Thursday, 28 November 2024

enabler danger


Just got in from a chilly walk around the park with Lottie. She's a pretty dog, I think she has all the colours of autumn in her coat.

Winter is definitely nipping at our heels. We had our first snow last week, which lightly settled for the day with the temperatures around zero C, before melting again as the weather warmed back up over the weekend by a dozen degrees or so and a storm blew through. 


I spent a very wet weekend on the boat with Lottie and Dad. Any of the original ambitions we had of sailing to Fowey for the weekend was made a mockery of by the weather, and we stayed secure in the marina whilst the wet south-westerly blew through over the two days with gusts of up to 50 knots or so.
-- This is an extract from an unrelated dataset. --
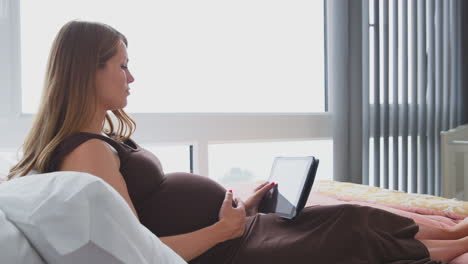 Mujer-Embarazada-Relajándose-En-La-Cama-En-Casa-Viendo-Una-Tableta-Digital-Sosteniendo-El-Estómago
The boat was very comfortable in the weather, despite the perpetually wet dog aboard with us. The drive down Saturday morning and the drive back Sunday afternoon were less comfortable in the thick rain, but manageable.


The temperatures have fallen back down to around freezing again today. I haven't bothered to look at what they might do for the weekend, as I can't go sailing anyway. I have a gig in Cheltenham Saturday night, and it's my daughter's birthday, so we're taking the family out to lunch on Sunday. It'll be nice to see the grandchildren again, I've quite missed them.

I've had my eye on a new guitar for some weeks or more now. It's more than I should spend and more than I need to spend, given that I have a perfectly lovely guitar that I gig with already, and a very nice collection of other guitars, electric and acoustic.


The algorithms that drive the internet have haunted and taunted me with frequent images over the last month or so. I can't even guess how they work out our interests so keenly, then saturate us with advertising at every turn.

I saw a joke the other day on a site that these afore mentioned algorithms frequently point in my direction. I enjoy the humour of the site, so they're not wrong.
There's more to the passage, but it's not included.